The New York Times website unveiled a new blog this week dedicated to "Making the Most of Your Money." Bucks "aims to make managing your money simple again," according to writer Ron Lieber, who oversees this new venture for the NYT.
This is a crowded field, but it's good to see the NYT trying to compete in it (and great to see their flying piggybank logo, we know all too well how hard it is to come up with good visuals when talking about savings, wealth and personal finance), given their platform they could potentially reach a huge audience with helpful tips and advice. Lieber says:
"You can't be a full-time consumer, though. And that's why Bucks exists. We aim to be a lively source of shortcuts, short courses and mini-guides to the decisions you make with your money. It's a blog of tactics and takeaways...The lineup of regular features includes a daily roundup of the best consumer reporting from The Times. We'll also offer reviews of new products and services, from unique mutual funds to new savings accounts and Web services."

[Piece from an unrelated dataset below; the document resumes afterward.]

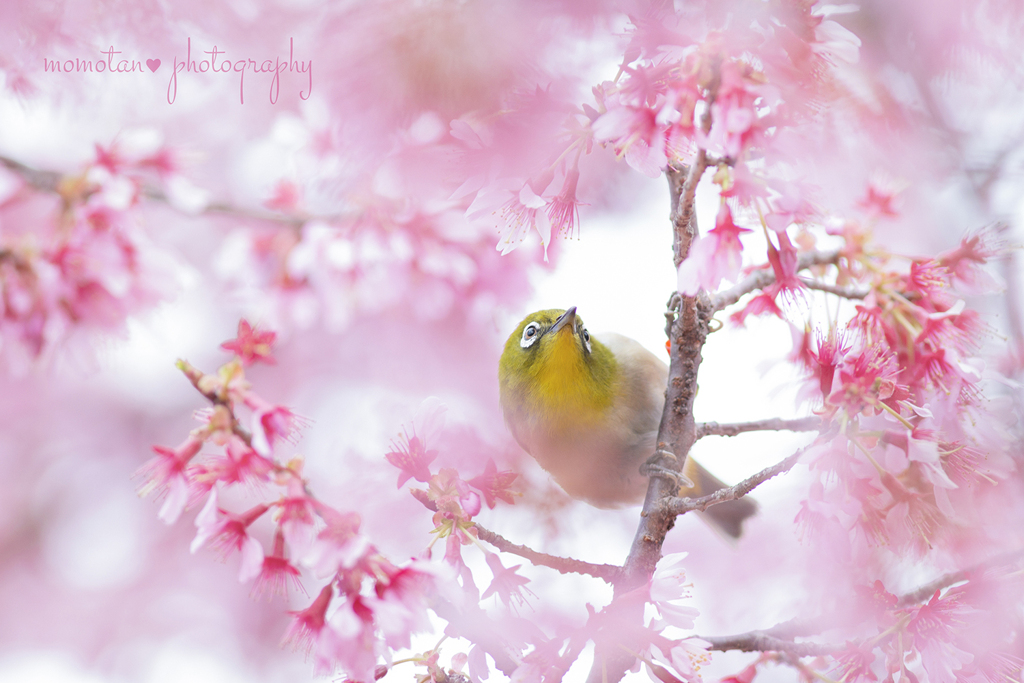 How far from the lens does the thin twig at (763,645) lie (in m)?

All well and good, and so far they've run a feature on finding the best savings account rate, and they are rounding up all of the NYT's consumer focused pieces on a daily basis.
One of the challenges Bucks might face is handling the Times' propensity to focus on the "not quite rich enough." For instance, today's "Special Section on Wealth and Personal Finance" includes this piece on minimizing your tax bill if you make more than $200,000. I'm sure that's handy advice for much less than 5% of the population. What about the other 95% of us?
Hopefully Bucks will be able to balance their coverage and include tips, ideas and features that are of benefit to the bottom 50% of the income spectrum as well as the top 5%. There are significant innovations occuring, both public and private, which are aimed at making saving and building a sound financial foundation easier. President Obama waved a magic wand and made savings bonds, a safe and reliable product, available for purchase on the tax form. Websites like Mint.com, thebeehive.org (and soon hellowallet.com) are available to bring basic financial planning tools and guidance into easy reach. There are federal policy proposals like expanding the saver's credit, the saver's bonus, and SAFE-T Accounts designed to help low- and moderate-income Americans begin saving and achieving financial stability.
Here's hoping that Bucks is a success, and does indeed contribute to making managing money simple again. However, I hope they remember that it's more than just the $200K-plus crowd that needs help managing their finances.